Bear a load, share a burden

Teams form to provide avenues for multiple individuals to support each other. But where is the line between our workload and the workload of others? It is crucial, as team members, to learn how to stick within our responsibilities while also assisting the rest of the team.

Knowing what to be solely responsible for, when to ask for help, or when to assist others can get complicated and sometimes frustrating. Here is a simple way to evaluate team workload.


Whether we realize it or not, most of us tend to think in terms of loads and burdens. A load is just the right amount that an individual can bear on his or her own. It is not overwhelming. It is not too much to maintain. Carrying our own load is good for us and excellent for a team.

Sometimes we ask colleagues for help. That doesn’t mean we always need to. Most of us desire to accomplish our work quickly. The faster we work, the more we can get done, and the sooner we get finished.

When we are task-focused and get stuck on something, our first instinct is to ask someone we believe will have a simple solution. We do this because it’s fast and convenient. We ask, a colleague delivers; boom, task done on to the next.

However, we don’t always realize the cost. We took someone else’s time. Was it necessary? If we regularly ask for help with small things, eventually, the people we ask will get frustrated and no longer want to help. This cycle destroys teams.

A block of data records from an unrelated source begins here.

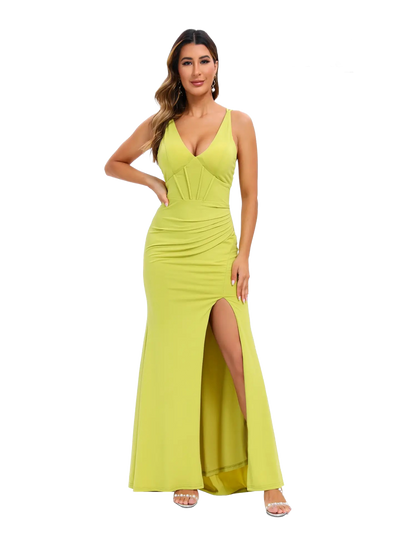 Vestido de noche largo con escote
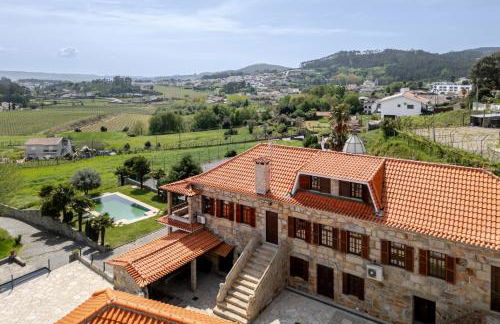 HostWise - Country Villa w/ Pool, Court & Views - Foto 52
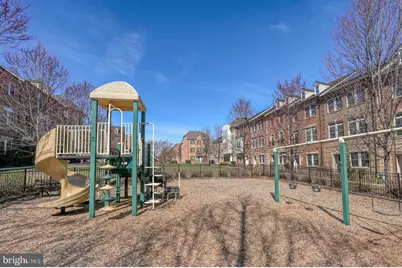 376 Parkview, Gaithersburg, MD 20878 - Photo 35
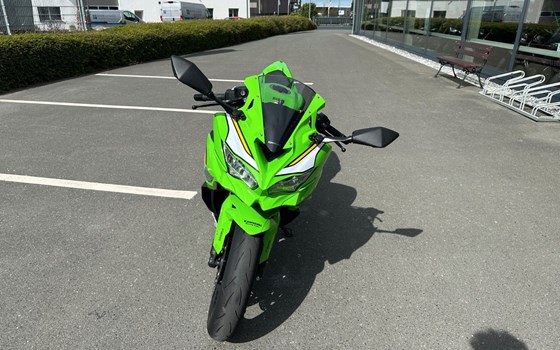 Gebrauchtmotorrad Kawasaki Ninja ZX-4RR - Bild 2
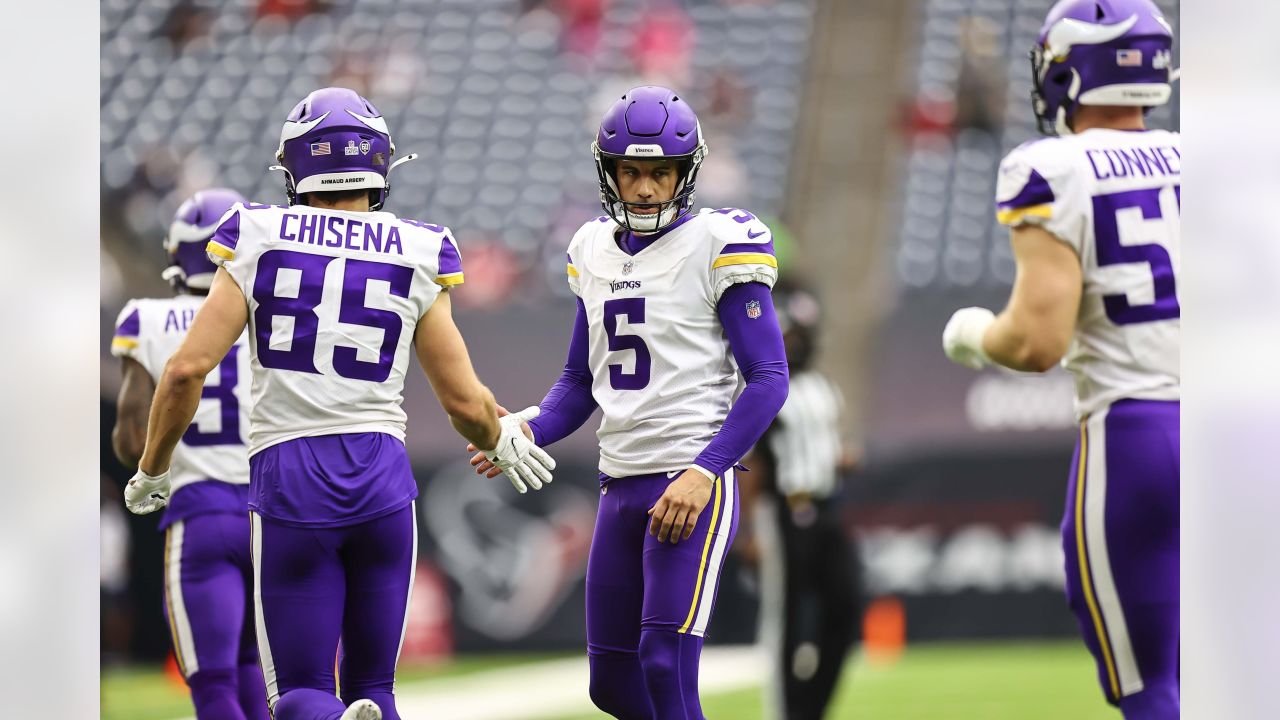 Vikings cornerbacks dedicating season to late teammate Jeff Gladney – Twin  Cities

Instead, we should ask ourselves, “If I take some extra time to work through this or do some research, can I figure this out on my own?” If the answer is “yes,” take the extra time. Don’t burden a colleague with what you can handle on your own.

Avoiding our load or taking on someone else’s load hinders learning and growing.


Burdens and loads are different. A burden is overwhelming and too heavy for any one person. Typically, individuals are more likely to assist in areas they innately classify as burdens than in situations they deem to be mere loads.

If we are overwhelmed, in a time crunch, or simply just cannot find the answer, we are most likely trying to carry a burden. Team members are more likely and more willing to help in these situations without forming resentments. This is especially true if we can clearly explain our struggle and why it is too much for us.

Remember the Snowmageddon in Atlanta back in 2014? I do! I was stuck on the road for seven hours. But what was shocking was how many people around the city opened their homes up to travelers stuck on the street who just couldn’t make it home. I was one of those people who went to bed that night on a stranger’s couch.

Now, how often would you let a stranger standing outside your house, sleep on your couch for the night? Probably not that often. But the heavier the burden, the more likely others are willing to jump in and help. It’s in our nature.

The same is true for a team. Not saying you need to have a snowmageddon going on for it to be a burden, but I think you get the idea.


Getting these two points right will dramatically change a team:

  1. Carry your load while allowing others to do the same
  2. Ask for help with burdens and help when the burden is on someone else

Teams that consist of individuals who bear a load and share a burden will accomplish more, experience less conflict, and build better relationships.